A distinctive logo leads to instant brand recognition without words. It conveys a lot of thoughts, feelings, and perceptions in just one simple graphic.

Famous Logos

Consider several companies that have a famous logo. Coca-Cola has a red circle with the two words in it. AT&T has its stylized blue globe. Michelin uses its rubber-like, cartoonist guy who is made of tires. Culligan’s distinctive logo is a drop of water.

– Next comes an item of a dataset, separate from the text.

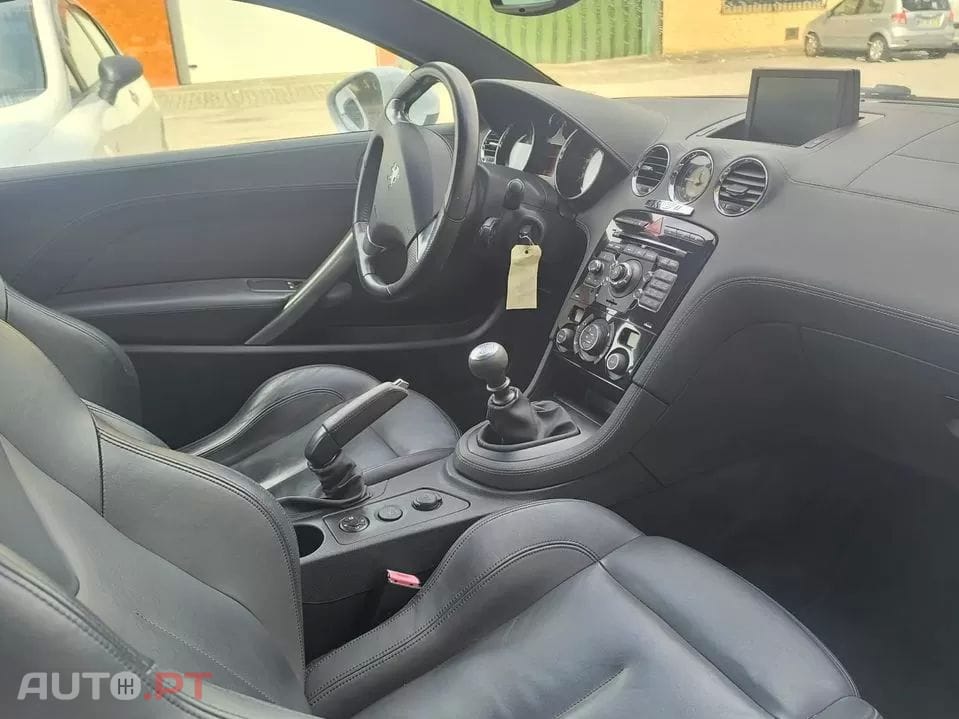 Peugeot RCZ  1 6 155 Thp Onyx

Make a Memorable Statement

All of these logos do a few things. In some respects, they show what the company does. AT&T’s globe connotes how the brand’s mission is to bring people all over the world closer together thanks to mass communication. Michelin tries to humanize its tires by showing a guy made of its product. A simple blue drop of water shows that Culligan is a water company that provides an alternative to tap water.

Your Logo

Your logo can be a stylized concept of what your business does. For instance, going back to the pizza parlor idea, your “30 minutes or less” for pizza logo could show a guy in a chef’s hat carrying a pizza in one hand while running to deliver a pizza. That visage seems to convey fast pizza. You might also have a pizza with swishing lines to the left of it to connote the pizza is in motion. Consider pizza with wings or wheels as a transportation-based theme. All of these logo ideas convey fast pizza.

Add Color

Your logo should have distinctive color patterns that people can recognize outside of your logo. If your pizza chef delivers fast pizza, he can wear a yellow scarf flowing in the breeze behind him. This yellow scarf can serve as a base for other visual elements of your company. These logos lead to other distinctive visuals of your brand, which is why choosing the right logo is so important.

Matching Colors

Coca-Cola’s website features bright red colors on each of its pages. The logo is a bright red circle, so the company incorporates this color everywhere. Its bottles and cans of soda also have red coloring that match the logo. Eventually, customers associate that particular color of red with Coca-Cola. The same thing happens with Michelin’s blue and white Michelin man. The company website uses a blue and white color scheme. Michelin takes its logo one step further. MichelinMan.com is a website that shows people information about its tires. Your company logo can match other aspects of your business. The pizza chef with a yellow scarf can translate into yellow colors on your website, yellow-colored pizza delivery boxes, yellow on your storefront and even yellow on employee uniforms. Your company logo, colors, and mottos all combine to brand your business with your customers.